**Data excerpt**
##########
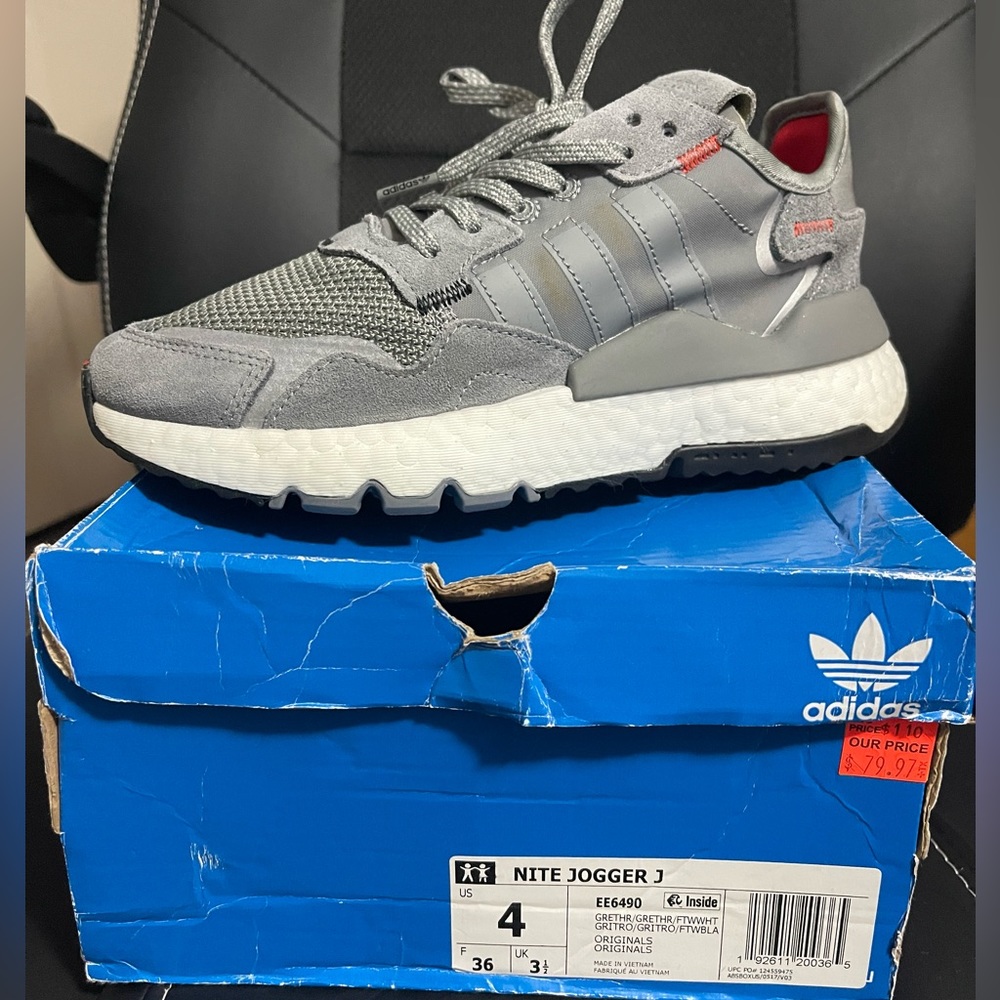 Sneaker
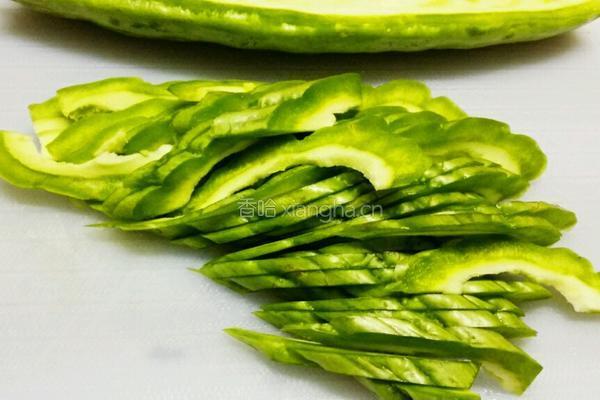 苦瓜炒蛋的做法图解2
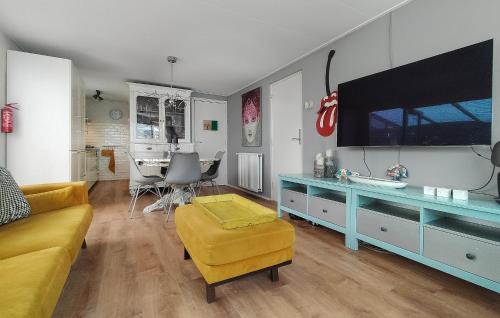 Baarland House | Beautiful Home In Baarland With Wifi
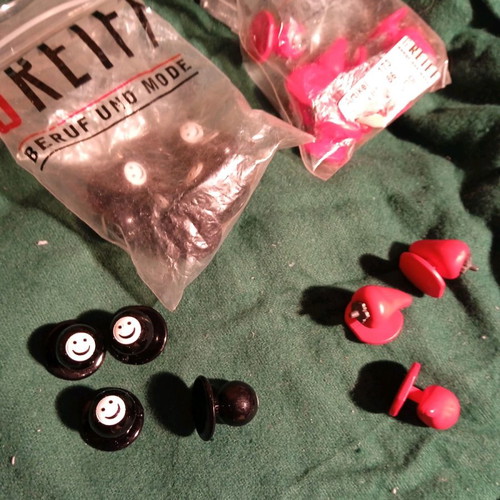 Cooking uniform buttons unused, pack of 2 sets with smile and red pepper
##########
**What is required**
Nothing but the lines from the line with "Baarland House |" through the last line of the listing should be copied, exactly and with both ends kept. Leave pictures out.

**Solution for this exercise**
 Baarland House | Beautiful Home In Baarland With Wifi
 Cooking uniform buttons unused, pack of 2 sets with smile and red pepper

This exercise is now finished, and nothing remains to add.